● Directions for this task
Produce an exact copy of the lines from the line containing "this 845×633 image." through the last line of the entries below, and only those lines.

● Stored data entries
══════
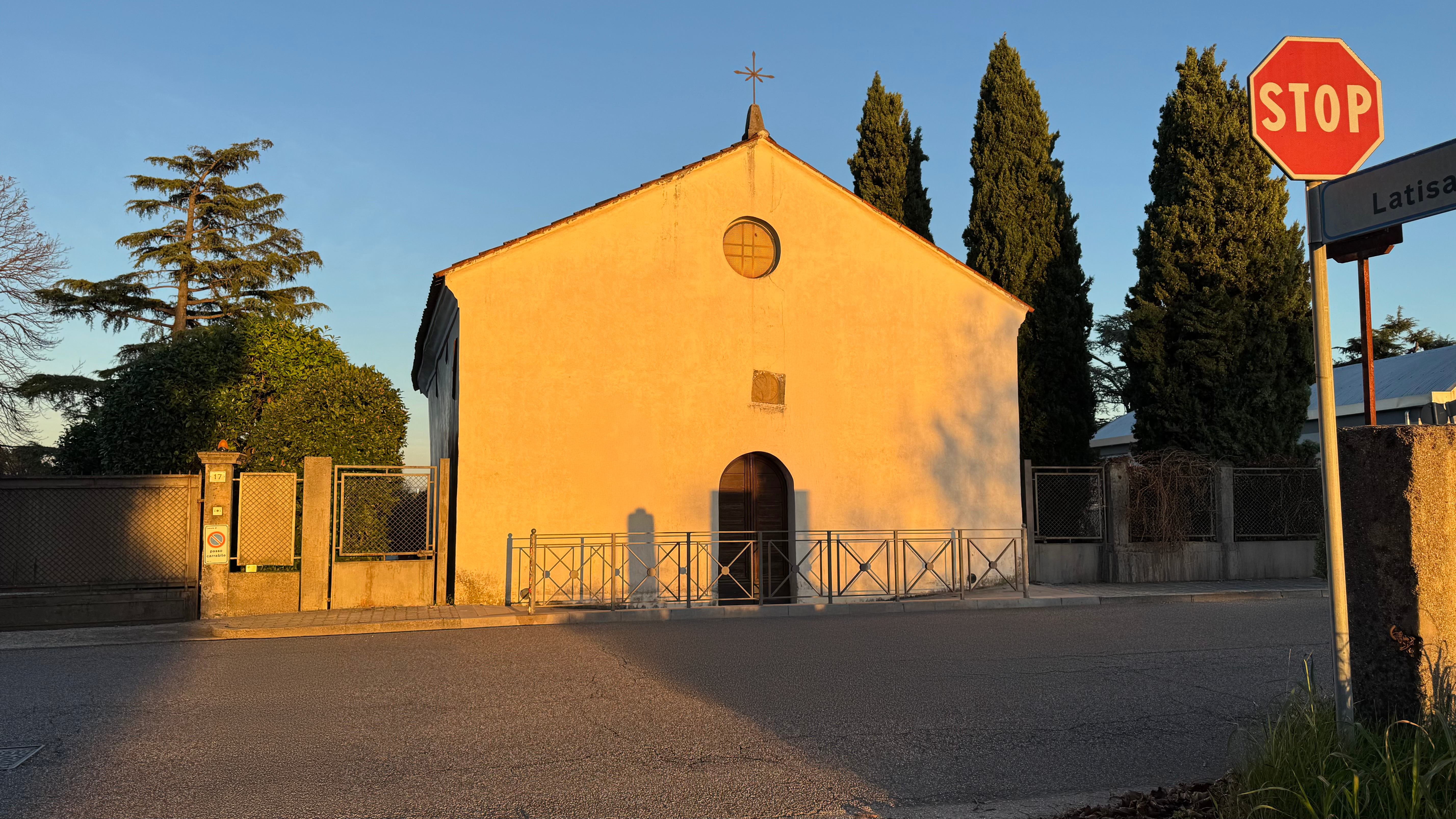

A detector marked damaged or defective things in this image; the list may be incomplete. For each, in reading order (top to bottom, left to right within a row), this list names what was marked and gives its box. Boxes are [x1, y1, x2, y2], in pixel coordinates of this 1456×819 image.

rusty metal post [1351, 256, 1374, 422]
rusty metal post [530, 530, 541, 612]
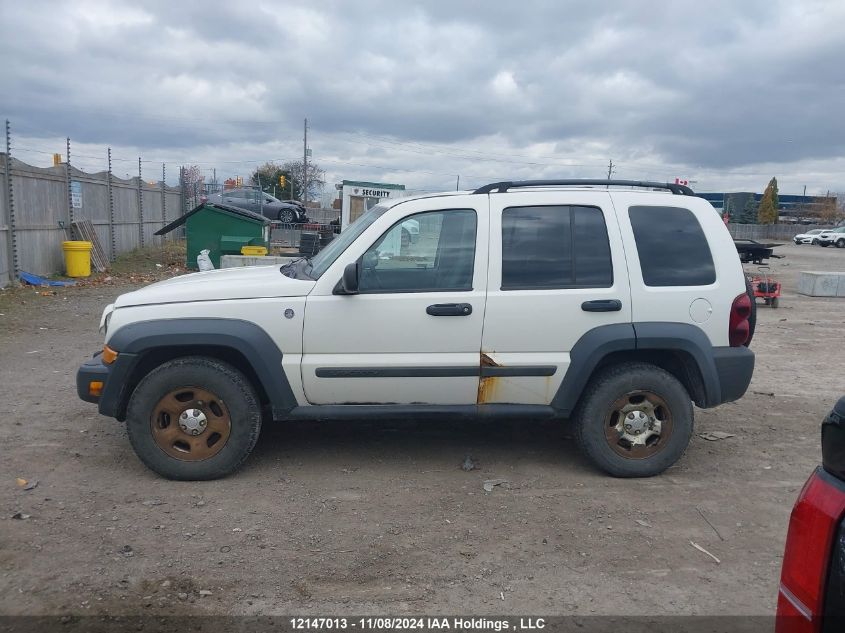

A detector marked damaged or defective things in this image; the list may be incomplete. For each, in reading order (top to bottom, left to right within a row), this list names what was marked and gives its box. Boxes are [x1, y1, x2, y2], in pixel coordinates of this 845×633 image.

rusty wheel [151, 386, 231, 460]
rusty wheel [126, 356, 260, 478]
rusty wheel [604, 388, 676, 456]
══════
● Task answer
A detector marked damaged or defective things in this image; the list may be incomplete. For each, in reading order (top to bottom, left to right within a row), this list names what was marked and gives its box. Boxes are [x1, y1, x2, y2], in pixel coordinates of this 845×633 image.

rusty wheel [151, 386, 231, 460]
rusty wheel [126, 356, 260, 478]
rusty wheel [604, 388, 676, 456]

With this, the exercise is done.